In order to evaluate proposed scheme, a series of prior watermarking scheme of which watermark scales are all 4096 bits is induced as comparative groups, including Su et al. [17], Patra et al. [12] and Hu et al. [21]. In [17], watermark bits are embedded into non-overlapping blocks of host image by modifying some elements within U component of SVD decomposition. In [12], Patra et al. employs a Chinese Remainder Theorem-based (CRT) technology to embed watermark bits into DCT domain of host images. Hu et al. [21] embeds multiple watermarking bits into host images by adjusting obtained feature parameters from DWT-SVD-DCT domain via the progressive quantization index modulation technique, which effectively withstands JPEG2000 compression attack.

Table 1 indicates PSNR resulting from various watermarking schemes. It’s obvious that PSNR achieved by proposed scheme is approximately 44.90 dB, which is significantly higher than other three approaches. Furthermore, unlike Su et al. PSNR achieved by different varies very slight for proposed scheme, which is, relevance of watermarked image quality to specific images is very little. Overall, imperceptivity of proposed algorithm stays in a relatively high level.

Table 1. Resulting PSNR (dB) of watermarked images for different schemes

Subsequently, in order to test the robustness of proposed scheme, some types of attacks are taken into consideration, which are displayed in Table 2:

Table 2. Attack types applied

Attacks applied in this article mainly focus on JPEG2000 compression with a range of different compression ratio. Besides, other types of attack including noise, filter, rotation, scaling and pixels intensity variation are also explored to test the robustness of proposed scheme. Comparison between our work and prior research is displayed in Table 3.

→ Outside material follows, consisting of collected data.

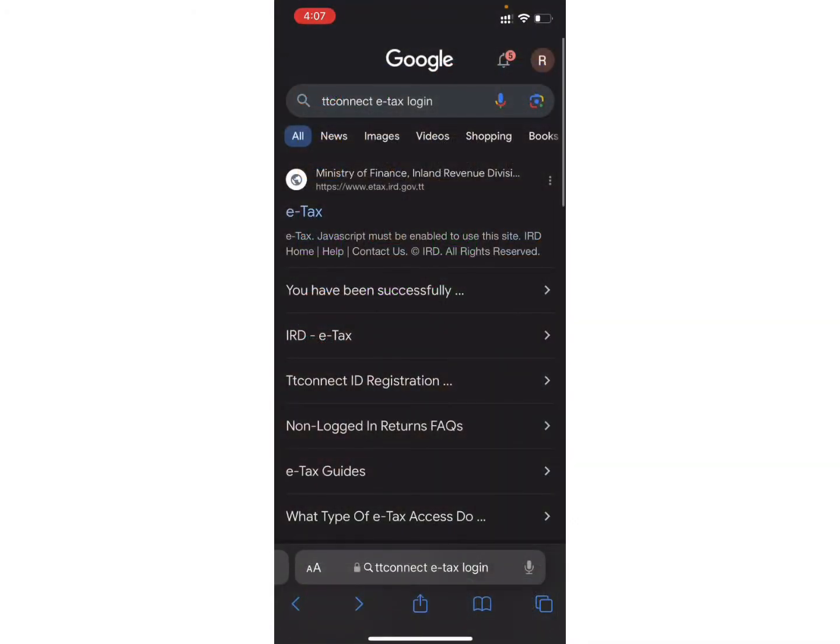And on the search bar, search for TT Connect ETAX Login. As you can see, I have already searched for it. After searching, different websites and links like this will appear on your screen.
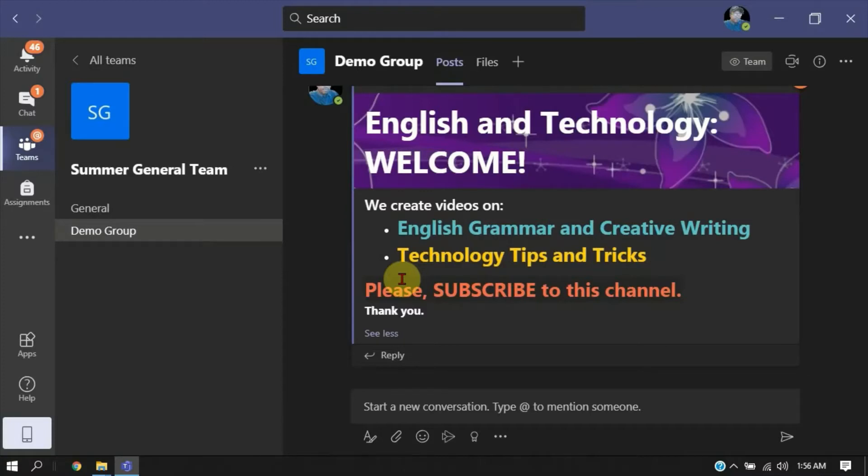In this video, I'm going to show you how you can block or stop replies from coming in for a particular post on Microsoft Teams. If you are an owner or an admin or you have access to control activities on Microsoft Teams, then this is for you.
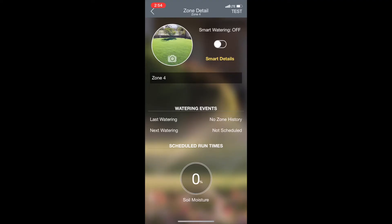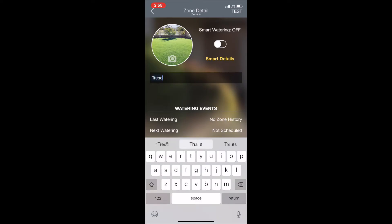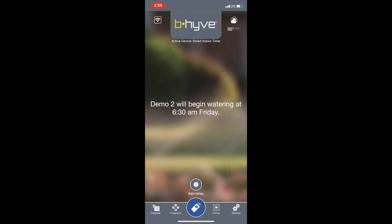I want to take a picture of the zone — I just took a picture of my zone, that's what it looks like. I can go back and look at this, and I also want to name it, so I'll call this 'trees'. Then I go back and now I'm done. That is how you set up a zone on the Beehive app.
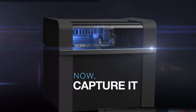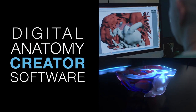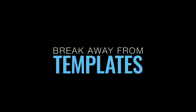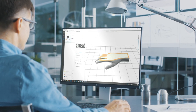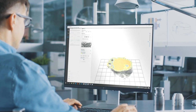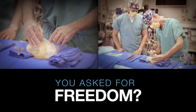Introducing the Digital Anatomy Creator Software by Stratasys. Break away from the templates. Take control and explore. Calibrate each layer to your precise specifications. You asked for freedom. Now it's yours.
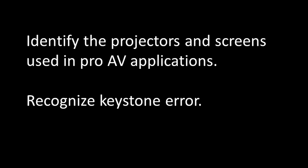In this lesson, you'll learn to identify the projectors and screens used in pro-AV applications. You'll also learn to recognize keystone error.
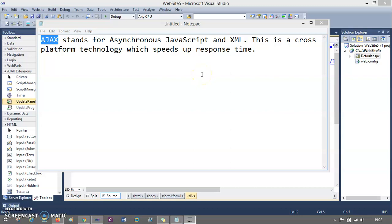In this session we will understand AJAX. From your syllabus, AJAX is a very small topic, however there is a whole lot of resources available on the internet for this technology. It is Asynchronous JavaScript and XML, which is basically used to give you a cross-platform technology to speed up your response time for your website. So if your website is lagging or taking too much load, AJAX can speed up that response time.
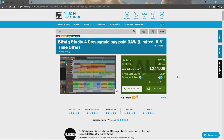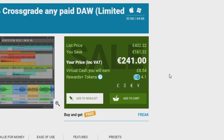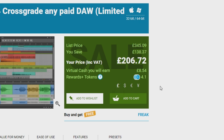So again, very similar to Ableton Live, just less expensive. And especially with this offer — look at this — it's 241 euros for an entire full-featured DAW. That is 285 dollars, 206 pounds. So yeah, that's a really, really interesting offer.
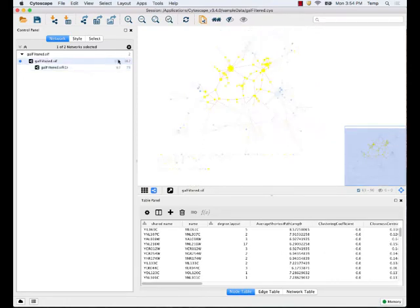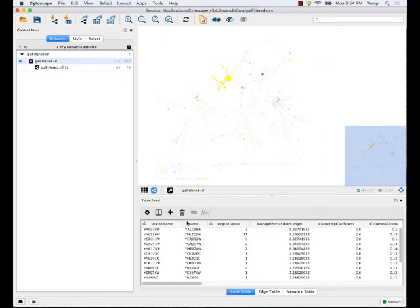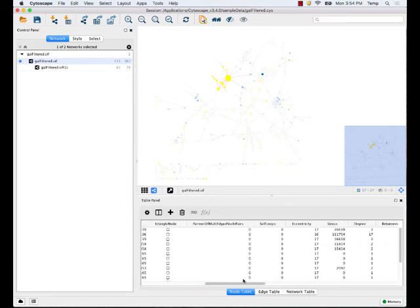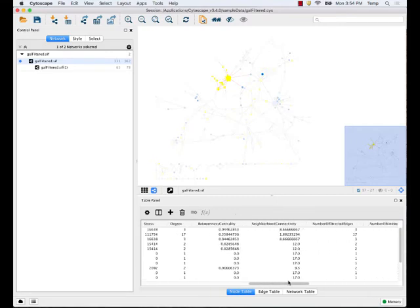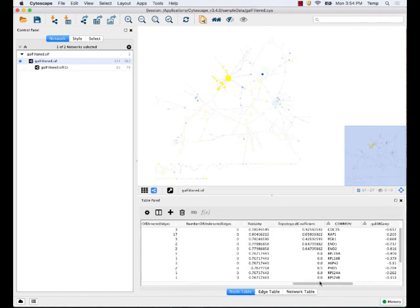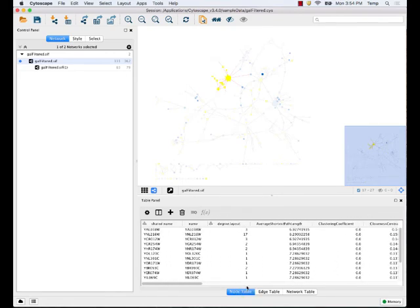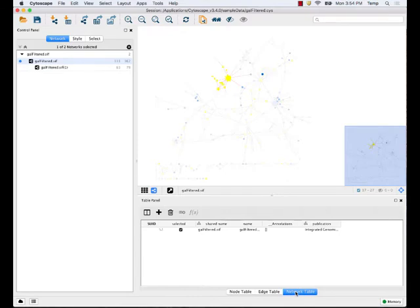These numbers here show you the number of nodes and edges. Importantly, if you click on a node or select a set of nodes, you can see information about these nodes. This information is loaded from the session file, but you can actually add your own data. The node table shows information about nodes, and the edge table shows information about edges. Additional tabs can pop up with different apps.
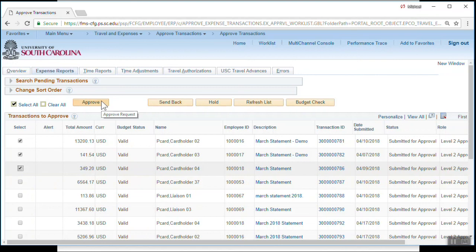This concludes the demonstration of the PeopleSoft Procurement Card Approval. For additional information, please review the detailed procedure document on the training website.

Table 3. Average BER (%) of extracted watermarks for various schemes

Table 3 displays the average BER of extracted watermarks for test images under various types of attack, from which we can tell, proposed scheme significantly outperforms the other three works against JPEG2000 standard with all compression ratio employed. Besides, robustness of proposed scheme also has superiority under Median filter, scaling and rotation attack. However, not all of BER obtained by proposed algorithm is statistically competitive, for example, performance against Gaussian filter and pixels intensity variation is just general among four schemes and proposed scheme underperforms among all four works against salt & pepper noise. Figure 5 presents the extracted watermark visually.

Fig. 5.

Extracted watermark under various types of attack (a) None; (b–d) JPEG2000 compression with CR = 2, 4, 8; (e) Salt & pepper noise; (f) Median filter; (g) Gaussian filter; (h) Scaling; (i) Rotation; (j) Cropping; (k) Brighten; (h) Darken;

4 Conclusion

In this paper, we propose a novel robust blind watermarking scheme by jointly using DWT, SWT, DCT and SVD. The robustness is guaranteed by taking advantages of multi-resolution analysis offered by DWT, the translation invariance provided by SWT and the algebraic invariance furnished by SVD. Host images is firstly decomposed by DWT. Subsequently the approximation coefficient \( LL \) is portioned into non-overlapping blocks. For each block, SWT is applied to obtain the redundant low frequency coefficient \( LL_{SWT} \). After successively applying DCT and SVD, multiple watermarks are embedded into the obtained greatest singular value of \( LL_{SWT} \) blindly using quantization. Experimental results show that the watermarked image is visually invisible of which peak signal to noise ratio (PSNR) is above 44 dB. Besides, by comparing with other DWT-SVD robust watermarking approaches, proposed scheme significantly outperforms in robustness against JPEG2000 compression. Performance of proposed scheme is also superior or competitive against other attacks such as rotation, filter or scaling.